Niños en el encierro, presas de la ansiedad

El confinamiento obligado y otros factores están cobrando factura a la salud mental de los menores

El Diario

Esteban Villalobos/ El Diario

lunes, 02 noviembre 2020 | 19:50

Hidalgo del Parral.- Debido a la falta de convivencia y el largo encierro, la falta de juegos en el exterior y otras actividades, el Covid 19 empieza a cobrar factura entre los menores de edad, que presentan marcados cambios en su estado de ánimo.

De acuerdo con la sicóloga Rocío Covarrubias, la presencia de rabietas con mayor intensidad, baja tolerancia a la frustración, enojo e incluso la agresión, son algunas de las manifestaciones de ansiedad que están presentado los menores.

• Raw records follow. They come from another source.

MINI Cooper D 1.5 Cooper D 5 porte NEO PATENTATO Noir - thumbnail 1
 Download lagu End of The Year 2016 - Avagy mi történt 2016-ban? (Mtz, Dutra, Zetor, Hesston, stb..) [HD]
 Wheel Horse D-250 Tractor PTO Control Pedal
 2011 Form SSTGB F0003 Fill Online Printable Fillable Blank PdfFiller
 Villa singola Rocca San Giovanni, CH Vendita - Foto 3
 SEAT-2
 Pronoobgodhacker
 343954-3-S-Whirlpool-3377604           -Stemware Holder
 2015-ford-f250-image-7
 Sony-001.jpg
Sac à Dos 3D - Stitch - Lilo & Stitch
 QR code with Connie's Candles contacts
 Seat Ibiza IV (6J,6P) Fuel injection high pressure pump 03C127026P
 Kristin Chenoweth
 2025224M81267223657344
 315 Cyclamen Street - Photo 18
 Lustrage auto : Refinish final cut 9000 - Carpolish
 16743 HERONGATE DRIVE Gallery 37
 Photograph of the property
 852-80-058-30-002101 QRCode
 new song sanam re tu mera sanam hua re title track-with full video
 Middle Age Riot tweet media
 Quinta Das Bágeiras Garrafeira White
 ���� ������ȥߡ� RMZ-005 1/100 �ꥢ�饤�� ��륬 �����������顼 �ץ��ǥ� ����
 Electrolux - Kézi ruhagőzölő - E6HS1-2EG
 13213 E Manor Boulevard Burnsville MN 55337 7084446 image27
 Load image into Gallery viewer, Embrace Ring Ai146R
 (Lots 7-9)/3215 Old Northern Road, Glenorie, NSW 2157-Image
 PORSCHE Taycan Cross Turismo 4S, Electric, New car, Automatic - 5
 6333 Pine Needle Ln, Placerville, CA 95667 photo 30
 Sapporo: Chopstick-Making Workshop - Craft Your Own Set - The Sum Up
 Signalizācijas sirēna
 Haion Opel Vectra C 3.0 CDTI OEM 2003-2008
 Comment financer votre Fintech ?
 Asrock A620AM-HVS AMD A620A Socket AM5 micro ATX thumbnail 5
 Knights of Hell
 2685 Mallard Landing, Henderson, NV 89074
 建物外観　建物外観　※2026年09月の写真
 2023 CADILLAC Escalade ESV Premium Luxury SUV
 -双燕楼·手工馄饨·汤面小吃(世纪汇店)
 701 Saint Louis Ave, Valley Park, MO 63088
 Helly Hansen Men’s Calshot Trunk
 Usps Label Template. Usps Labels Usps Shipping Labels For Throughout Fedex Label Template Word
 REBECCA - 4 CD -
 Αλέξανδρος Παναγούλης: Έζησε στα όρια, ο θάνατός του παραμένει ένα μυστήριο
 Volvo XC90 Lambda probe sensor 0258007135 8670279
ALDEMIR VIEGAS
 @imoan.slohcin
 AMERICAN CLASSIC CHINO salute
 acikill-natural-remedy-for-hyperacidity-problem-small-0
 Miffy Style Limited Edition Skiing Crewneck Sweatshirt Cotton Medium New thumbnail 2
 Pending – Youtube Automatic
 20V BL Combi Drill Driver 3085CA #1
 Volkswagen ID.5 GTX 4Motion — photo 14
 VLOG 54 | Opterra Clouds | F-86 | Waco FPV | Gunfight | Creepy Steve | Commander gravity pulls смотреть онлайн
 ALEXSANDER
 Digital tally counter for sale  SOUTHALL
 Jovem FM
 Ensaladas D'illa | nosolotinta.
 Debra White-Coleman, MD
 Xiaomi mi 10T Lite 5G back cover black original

Además, dijo, manifiestan alteraciones en la alimentación y el sueño, pues los pequeños han permanecido lejos de una rutina ya establecida, como lo era asistir a clases, los juegos y convivencias con sus amigos, maestros y otros integrantes de la familia.

“Pasaron de tener un orden y organización en sus días, donde se levantaban a cierta hora, iban a clases, regresaban a casa y comían; realizaban sus deberes y en algunos casos también asistían a clases extra, como la práctica de algún deporte, todo con horarios específicos”, expresó.

Destacó que tanto niños como adolescentes asistían a la escuela de forma presencial. Ver a sus maestros y amigos, así como intercambiar información, jugar y relacionarse, entre otros aspectos, permiten un mayor y mejor logro de sus aprendizajes y les da la oportunidad de regular su conducta; sin embargo, todo está totalmente relacionado con el contexto familiar y la manera en que los adultos estén manejando el confinamiento.

“El coronavirus es inevitable que afecte en cierta medida a los niños, pero el que tenga o no un mayor impacto dependerá de la información que los padres de familia compartan con sus hijos sobre lo que ocurre dentro o fuera del hogar, pues el estado emocional de un niño también es el reflejo de los padres”, destacó.

La sicóloga recomendó a los padres de familia brindar estabilidad a los menores siendo congruentes con lo que se le pide al niño o adolescente; por ejemplo, si se busca orden, se debe ser ordenado y pregonar con el ejemplo.